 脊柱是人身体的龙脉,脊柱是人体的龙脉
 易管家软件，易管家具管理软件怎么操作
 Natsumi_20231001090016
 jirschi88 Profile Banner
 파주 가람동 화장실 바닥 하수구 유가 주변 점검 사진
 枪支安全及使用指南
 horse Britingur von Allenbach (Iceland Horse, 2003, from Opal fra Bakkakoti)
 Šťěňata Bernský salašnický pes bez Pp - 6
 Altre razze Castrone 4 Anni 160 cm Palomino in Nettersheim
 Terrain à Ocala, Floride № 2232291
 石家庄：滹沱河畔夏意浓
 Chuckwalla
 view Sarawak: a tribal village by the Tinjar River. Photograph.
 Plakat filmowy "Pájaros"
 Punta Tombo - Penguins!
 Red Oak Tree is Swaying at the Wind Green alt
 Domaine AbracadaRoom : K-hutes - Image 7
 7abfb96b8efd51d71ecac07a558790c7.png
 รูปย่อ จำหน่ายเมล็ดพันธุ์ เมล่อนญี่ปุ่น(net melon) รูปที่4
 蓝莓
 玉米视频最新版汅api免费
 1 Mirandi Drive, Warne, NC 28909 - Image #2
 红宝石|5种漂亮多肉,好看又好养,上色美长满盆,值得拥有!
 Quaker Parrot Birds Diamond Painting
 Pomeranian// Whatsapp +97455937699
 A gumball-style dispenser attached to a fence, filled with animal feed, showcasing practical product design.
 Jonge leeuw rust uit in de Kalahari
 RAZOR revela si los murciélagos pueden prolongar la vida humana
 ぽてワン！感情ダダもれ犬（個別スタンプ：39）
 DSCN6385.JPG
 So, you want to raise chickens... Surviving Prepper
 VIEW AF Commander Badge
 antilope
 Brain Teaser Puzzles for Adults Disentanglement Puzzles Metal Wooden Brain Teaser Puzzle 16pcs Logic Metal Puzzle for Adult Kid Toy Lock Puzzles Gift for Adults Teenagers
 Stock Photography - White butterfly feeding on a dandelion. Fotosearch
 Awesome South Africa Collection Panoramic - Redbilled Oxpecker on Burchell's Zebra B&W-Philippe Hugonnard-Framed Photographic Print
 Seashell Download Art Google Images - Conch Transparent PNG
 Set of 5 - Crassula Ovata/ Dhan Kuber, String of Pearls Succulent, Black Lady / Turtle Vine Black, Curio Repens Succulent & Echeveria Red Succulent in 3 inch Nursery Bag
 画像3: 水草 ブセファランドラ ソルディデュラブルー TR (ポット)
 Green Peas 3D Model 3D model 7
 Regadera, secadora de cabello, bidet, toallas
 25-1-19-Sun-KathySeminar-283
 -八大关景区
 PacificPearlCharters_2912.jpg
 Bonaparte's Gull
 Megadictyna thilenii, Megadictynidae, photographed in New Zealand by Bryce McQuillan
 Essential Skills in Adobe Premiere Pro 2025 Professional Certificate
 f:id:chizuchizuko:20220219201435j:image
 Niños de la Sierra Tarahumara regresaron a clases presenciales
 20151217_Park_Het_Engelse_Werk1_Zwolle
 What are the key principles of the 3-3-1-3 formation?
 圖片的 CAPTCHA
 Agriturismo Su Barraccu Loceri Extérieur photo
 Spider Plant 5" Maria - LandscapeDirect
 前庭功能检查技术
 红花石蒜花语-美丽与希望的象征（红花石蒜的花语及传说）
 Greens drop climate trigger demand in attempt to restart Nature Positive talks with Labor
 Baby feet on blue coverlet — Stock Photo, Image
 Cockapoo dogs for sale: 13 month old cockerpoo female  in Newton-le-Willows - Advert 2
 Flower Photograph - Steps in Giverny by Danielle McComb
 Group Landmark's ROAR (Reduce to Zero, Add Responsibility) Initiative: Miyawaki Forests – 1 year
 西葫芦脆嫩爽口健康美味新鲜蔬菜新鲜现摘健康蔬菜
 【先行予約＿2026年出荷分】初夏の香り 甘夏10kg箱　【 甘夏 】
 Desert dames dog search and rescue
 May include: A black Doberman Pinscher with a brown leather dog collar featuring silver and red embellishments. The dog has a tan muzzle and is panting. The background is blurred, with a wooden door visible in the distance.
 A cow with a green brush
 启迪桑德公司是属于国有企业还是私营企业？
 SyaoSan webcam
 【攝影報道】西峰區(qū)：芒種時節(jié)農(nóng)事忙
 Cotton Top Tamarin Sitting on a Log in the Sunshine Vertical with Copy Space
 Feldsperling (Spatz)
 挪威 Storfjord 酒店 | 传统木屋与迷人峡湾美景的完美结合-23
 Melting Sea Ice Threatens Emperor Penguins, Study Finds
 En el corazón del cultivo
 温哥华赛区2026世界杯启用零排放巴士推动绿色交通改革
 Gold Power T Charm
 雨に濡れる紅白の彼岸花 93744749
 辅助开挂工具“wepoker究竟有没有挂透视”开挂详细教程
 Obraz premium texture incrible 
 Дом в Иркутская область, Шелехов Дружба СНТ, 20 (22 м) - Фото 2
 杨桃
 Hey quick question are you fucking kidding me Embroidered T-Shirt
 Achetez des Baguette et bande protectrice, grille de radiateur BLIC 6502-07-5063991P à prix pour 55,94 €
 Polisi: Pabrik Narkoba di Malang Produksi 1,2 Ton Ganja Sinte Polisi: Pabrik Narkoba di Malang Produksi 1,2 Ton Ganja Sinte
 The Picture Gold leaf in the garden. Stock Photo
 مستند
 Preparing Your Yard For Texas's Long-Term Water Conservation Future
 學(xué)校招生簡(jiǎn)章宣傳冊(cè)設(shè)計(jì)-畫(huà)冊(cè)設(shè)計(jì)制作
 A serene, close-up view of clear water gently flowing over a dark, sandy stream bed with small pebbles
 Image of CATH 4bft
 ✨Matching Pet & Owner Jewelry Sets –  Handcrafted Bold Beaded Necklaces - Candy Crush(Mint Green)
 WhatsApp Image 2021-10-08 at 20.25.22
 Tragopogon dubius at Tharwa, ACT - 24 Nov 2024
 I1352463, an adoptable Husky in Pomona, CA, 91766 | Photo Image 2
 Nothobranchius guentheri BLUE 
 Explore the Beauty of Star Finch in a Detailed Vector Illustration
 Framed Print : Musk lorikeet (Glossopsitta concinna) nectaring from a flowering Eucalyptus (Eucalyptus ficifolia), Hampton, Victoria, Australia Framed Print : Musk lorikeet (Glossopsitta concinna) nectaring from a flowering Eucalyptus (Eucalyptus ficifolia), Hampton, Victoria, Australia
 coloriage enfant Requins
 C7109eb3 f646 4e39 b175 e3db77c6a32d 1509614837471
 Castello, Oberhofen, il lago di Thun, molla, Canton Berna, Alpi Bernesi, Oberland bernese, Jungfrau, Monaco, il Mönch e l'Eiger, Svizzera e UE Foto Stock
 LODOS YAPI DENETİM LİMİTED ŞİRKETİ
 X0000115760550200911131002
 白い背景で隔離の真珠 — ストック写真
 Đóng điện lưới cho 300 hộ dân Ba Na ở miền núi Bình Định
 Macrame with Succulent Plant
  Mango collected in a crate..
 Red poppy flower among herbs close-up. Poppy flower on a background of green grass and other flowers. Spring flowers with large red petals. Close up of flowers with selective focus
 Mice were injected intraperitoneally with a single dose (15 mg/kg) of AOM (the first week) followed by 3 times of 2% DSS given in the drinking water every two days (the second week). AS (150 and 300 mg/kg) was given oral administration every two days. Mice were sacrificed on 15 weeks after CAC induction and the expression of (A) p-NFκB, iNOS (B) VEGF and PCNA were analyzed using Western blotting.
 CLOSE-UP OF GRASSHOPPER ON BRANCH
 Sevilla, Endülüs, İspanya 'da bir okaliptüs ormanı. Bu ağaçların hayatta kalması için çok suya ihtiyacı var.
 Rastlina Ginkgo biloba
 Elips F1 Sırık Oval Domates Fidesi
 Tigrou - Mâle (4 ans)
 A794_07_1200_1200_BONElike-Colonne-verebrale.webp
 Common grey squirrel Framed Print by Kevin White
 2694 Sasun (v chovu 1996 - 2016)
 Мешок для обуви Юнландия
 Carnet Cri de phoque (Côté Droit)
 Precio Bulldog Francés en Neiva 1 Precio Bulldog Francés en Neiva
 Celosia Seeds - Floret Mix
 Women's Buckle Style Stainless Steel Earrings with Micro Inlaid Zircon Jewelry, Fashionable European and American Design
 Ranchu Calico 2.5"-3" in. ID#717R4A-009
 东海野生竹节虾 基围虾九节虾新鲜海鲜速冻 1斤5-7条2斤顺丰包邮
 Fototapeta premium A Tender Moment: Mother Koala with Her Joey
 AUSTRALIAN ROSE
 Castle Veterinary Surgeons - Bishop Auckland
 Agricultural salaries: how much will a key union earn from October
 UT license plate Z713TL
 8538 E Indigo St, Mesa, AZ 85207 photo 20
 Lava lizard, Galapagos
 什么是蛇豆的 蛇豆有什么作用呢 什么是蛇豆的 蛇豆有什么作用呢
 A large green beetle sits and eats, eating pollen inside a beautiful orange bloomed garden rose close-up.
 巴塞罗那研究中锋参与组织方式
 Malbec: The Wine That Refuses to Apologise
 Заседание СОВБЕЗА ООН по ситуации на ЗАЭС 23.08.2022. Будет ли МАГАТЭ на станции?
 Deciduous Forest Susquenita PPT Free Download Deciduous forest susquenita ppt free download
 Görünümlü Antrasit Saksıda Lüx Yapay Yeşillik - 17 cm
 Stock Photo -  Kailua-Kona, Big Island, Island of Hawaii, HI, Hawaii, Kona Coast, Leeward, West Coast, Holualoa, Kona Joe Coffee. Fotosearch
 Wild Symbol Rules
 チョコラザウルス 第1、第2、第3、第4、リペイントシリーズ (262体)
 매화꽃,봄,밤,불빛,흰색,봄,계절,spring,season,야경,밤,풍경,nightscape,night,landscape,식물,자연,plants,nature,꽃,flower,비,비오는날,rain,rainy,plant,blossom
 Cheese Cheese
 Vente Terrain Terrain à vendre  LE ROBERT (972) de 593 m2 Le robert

■ Exercise instructions ■
Wherever "Stock" appears in the listing, report the line it is on.

■ Solution ■
 Stock Photography - White butterfly feeding on a dandelion. Fotosearch
 Baby feet on blue coverlet — Stock Photo, Image
 The Picture Gold leaf in the garden. Stock Photo
 Castello, Oberhofen, il lago di Thun, molla, Canton Berna, Alpi Bernesi, Oberland bernese, Jungfrau, Monaco, il Mönch e l'Eiger, Svizzera e UE Foto Stock
 Stock Photo -  Kailua-Kona, Big Island, Island of Hawaii, HI, Hawaii, Kona Coast, Leeward, West Coast, Holualoa, Kona Joe Coffee. Fotosearch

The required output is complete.